DATA FOR REVIEW.
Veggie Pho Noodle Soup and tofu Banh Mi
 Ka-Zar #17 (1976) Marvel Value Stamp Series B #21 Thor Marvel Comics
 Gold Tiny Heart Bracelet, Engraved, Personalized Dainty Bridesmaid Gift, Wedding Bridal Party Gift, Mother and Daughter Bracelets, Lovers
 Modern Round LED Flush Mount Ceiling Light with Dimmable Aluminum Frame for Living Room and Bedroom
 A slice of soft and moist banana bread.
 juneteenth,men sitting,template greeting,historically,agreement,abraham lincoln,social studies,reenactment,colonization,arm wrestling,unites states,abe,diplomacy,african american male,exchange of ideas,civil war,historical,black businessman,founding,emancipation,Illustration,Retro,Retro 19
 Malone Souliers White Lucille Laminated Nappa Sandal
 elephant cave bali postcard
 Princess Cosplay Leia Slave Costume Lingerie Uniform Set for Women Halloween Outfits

PROBLEM TO WORK ON. Nothing should be left out: copy the material exactly.

TASK OUTPUT.
Veggie Pho Noodle Soup and tofu Banh Mi
 Ka-Zar #17 (1976) Marvel Value Stamp Series B #21 Thor Marvel Comics
 Gold Tiny Heart Bracelet, Engraved, Personalized Dainty Bridesmaid Gift, Wedding Bridal Party Gift, Mother and Daughter Bracelets, Lovers
 Modern Round LED Flush Mount Ceiling Light with Dimmable Aluminum Frame for Living Room and Bedroom
 A slice of soft and moist banana bread.
 juneteenth,men sitting,template greeting,historically,agreement,abraham lincoln,social studies,reenactment,colonization,arm wrestling,unites states,abe,diplomacy,african american male,exchange of ideas,civil war,historical,black businessman,founding,emancipation,Illustration,Retro,Retro 19
 Malone Souliers White Lucille Laminated Nappa Sandal
 elephant cave bali postcard
 Princess Cosplay Leia Slave Costume Lingerie Uniform Set for Women Halloween Outfits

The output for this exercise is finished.